_Exercise directions_.
Reproduce the entire listing below exactly.

_Records for the exercise_.
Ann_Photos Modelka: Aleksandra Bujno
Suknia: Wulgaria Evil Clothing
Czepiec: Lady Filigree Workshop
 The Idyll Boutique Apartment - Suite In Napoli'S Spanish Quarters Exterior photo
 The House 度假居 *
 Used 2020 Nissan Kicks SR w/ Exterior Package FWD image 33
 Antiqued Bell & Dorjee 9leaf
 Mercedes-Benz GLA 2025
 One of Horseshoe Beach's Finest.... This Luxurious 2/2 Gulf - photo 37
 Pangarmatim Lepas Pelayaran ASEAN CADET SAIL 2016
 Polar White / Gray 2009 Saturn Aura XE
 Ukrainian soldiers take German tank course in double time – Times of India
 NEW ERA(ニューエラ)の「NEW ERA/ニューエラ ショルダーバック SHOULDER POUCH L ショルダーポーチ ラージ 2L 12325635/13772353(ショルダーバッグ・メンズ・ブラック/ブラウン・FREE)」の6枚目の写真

_Result of this exercise_.
Ann_Photos Modelka: Aleksandra Bujno
Suknia: Wulgaria Evil Clothing
Czepiec: Lady Filigree Workshop
 The Idyll Boutique Apartment - Suite In Napoli'S Spanish Quarters Exterior photo
 The House 度假居 *
 Used 2020 Nissan Kicks SR w/ Exterior Package FWD image 33
 Antiqued Bell & Dorjee 9leaf
 Mercedes-Benz GLA 2025
 One of Horseshoe Beach's Finest.... This Luxurious 2/2 Gulf - photo 37
 Pangarmatim Lepas Pelayaran ASEAN CADET SAIL 2016
 Polar White / Gray 2009 Saturn Aura XE
 Ukrainian soldiers take German tank course in double time – Times of India
 NEW ERA(ニューエラ)の「NEW ERA/ニューエラ ショルダーバック SHOULDER POUCH L ショルダーポーチ ラージ 2L 12325635/13772353(ショルダーバッグ・メンズ・ブラック/ブラウン・FREE)」の6枚目の写真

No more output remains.